## Exercise instructions
Every line from the start of the listing below through the line that contains "Minőségi arany 1hr060-10K" is to be reproduced word for word.

## Data
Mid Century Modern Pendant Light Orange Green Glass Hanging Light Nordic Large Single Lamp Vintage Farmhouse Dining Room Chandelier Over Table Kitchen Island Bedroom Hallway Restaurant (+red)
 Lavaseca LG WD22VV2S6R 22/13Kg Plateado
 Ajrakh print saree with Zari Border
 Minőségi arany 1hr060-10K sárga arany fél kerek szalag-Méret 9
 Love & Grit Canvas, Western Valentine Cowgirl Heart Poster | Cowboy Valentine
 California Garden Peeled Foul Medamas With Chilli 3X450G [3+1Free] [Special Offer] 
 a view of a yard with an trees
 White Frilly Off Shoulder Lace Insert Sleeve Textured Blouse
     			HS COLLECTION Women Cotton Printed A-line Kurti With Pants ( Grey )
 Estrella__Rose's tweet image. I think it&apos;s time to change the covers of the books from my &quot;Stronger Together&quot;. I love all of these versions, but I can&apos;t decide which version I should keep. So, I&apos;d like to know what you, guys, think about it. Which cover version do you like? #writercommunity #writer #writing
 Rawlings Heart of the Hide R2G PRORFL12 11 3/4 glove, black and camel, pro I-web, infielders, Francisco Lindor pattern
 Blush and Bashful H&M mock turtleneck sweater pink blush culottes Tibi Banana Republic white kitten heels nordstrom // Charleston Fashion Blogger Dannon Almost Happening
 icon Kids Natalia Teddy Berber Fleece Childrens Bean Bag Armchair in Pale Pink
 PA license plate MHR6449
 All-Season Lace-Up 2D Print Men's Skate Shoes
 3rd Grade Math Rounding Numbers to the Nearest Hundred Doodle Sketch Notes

## Solution for this task
Mid Century Modern Pendant Light Orange Green Glass Hanging Light Nordic Large Single Lamp Vintage Farmhouse Dining Room Chandelier Over Table Kitchen Island Bedroom Hallway Restaurant (+red)
 Lavaseca LG WD22VV2S6R 22/13Kg Plateado
 Ajrakh print saree with Zari Border
 Minőségi arany 1hr060-10K sárga arany fél kerek szalag-Méret 9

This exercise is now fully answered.